By Bill Cotterell
TALLAHASSEE, Fla. (Reuters) - A star running back for Florida State University's football squad was acquitted on Monday of a misdemeanor battery charge despite testimony from a young woman who told jurors he punched her in the mouth outside a bar in June.
The jury deliberated for 25 minutes before delivering its not guilty verdict in the case against Dalvin Cook, who was FSU's leading rusher last season. Cook was suspended from the team pending the outcome of the trial.
Cook, 19, was charged with battery in connection with an altercation in front of Clyde's and Costello's, a popular bar near the state capitol, shortly after the establishment had closed at about 2 a.m. on June 23.
Joey McCall, Cook’s defense attorney, told the jury the prosecution's case "just doesn’t add up," arguing that it hinged on the memory of the accuser, Madison Geohegan, who admitted she was "buzzed" after drinking with a friend.
Prosecutor Sarah Dugan said a small group of players, including Cook, had approached Geohegan, 21, and Keara Lubeskie, 19, as the two women were leaving the bar and tried to talk with them but were rebuffed.
As the encounter grew louder and more contentious, Geohegan testified, Cook punched her, splitting her lower lip.
Lubeskie also identified Cook in court as the player who struck Geohegan.

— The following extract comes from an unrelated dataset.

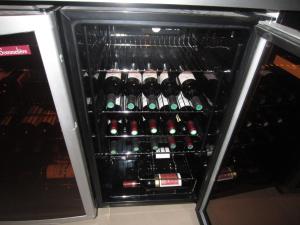 a refrigerator filled with lots of bottles of wine at Villa Margaux Opéra Montmartre in Paris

She also testified that she was hit in the side as Cook was flailing at Geohegan, with his friends trying to pull him away.

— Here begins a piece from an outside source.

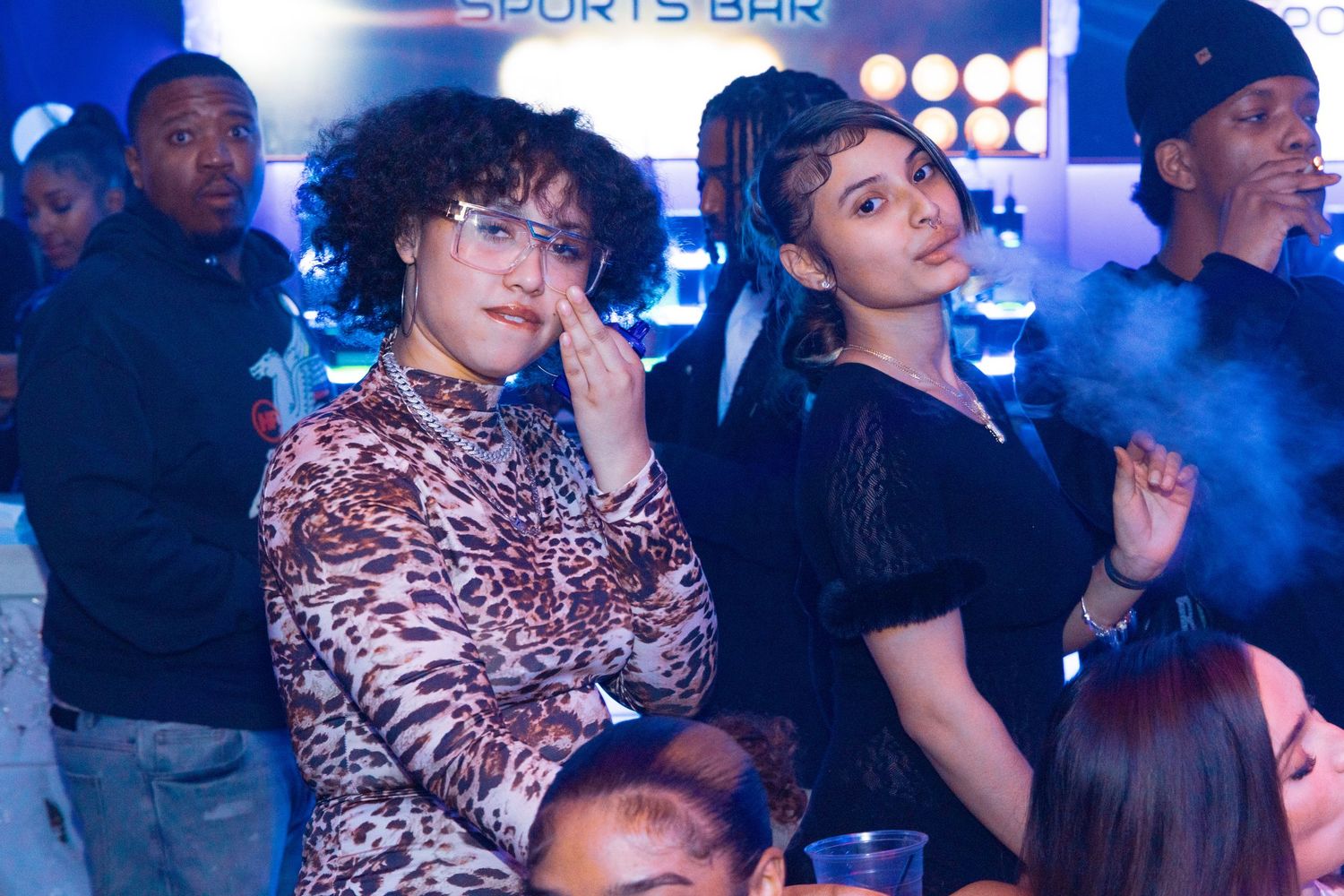 People socializing at a sports bar nightclub with blue ambient lighting and a lively atmosphere.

Cook did not take the witness stand during his day-long trial, but three of his teammates testified that the defendant did not hit Geohegan.

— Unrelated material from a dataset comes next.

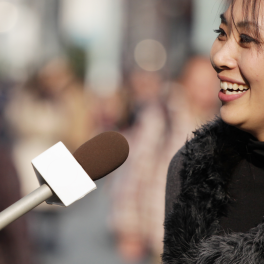 woman being interviewed on the street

A fourth FSU student who had been passing by the scene and had intervened to try to stop the confrontation testified that he saw Geohegan swing at one of the players with an open hand, but that he did not see anyone punch her.
The following night, former quarterback De’Andre Johnson punched a woman at another bar — an act caught on the club’s video security system — and was kicked off the team.
Following Cook’s arrest in July, coach Jimbo Fisher ordered all of his players to stay out of bars, and the university began added training for athletes regarding their off-field conduct.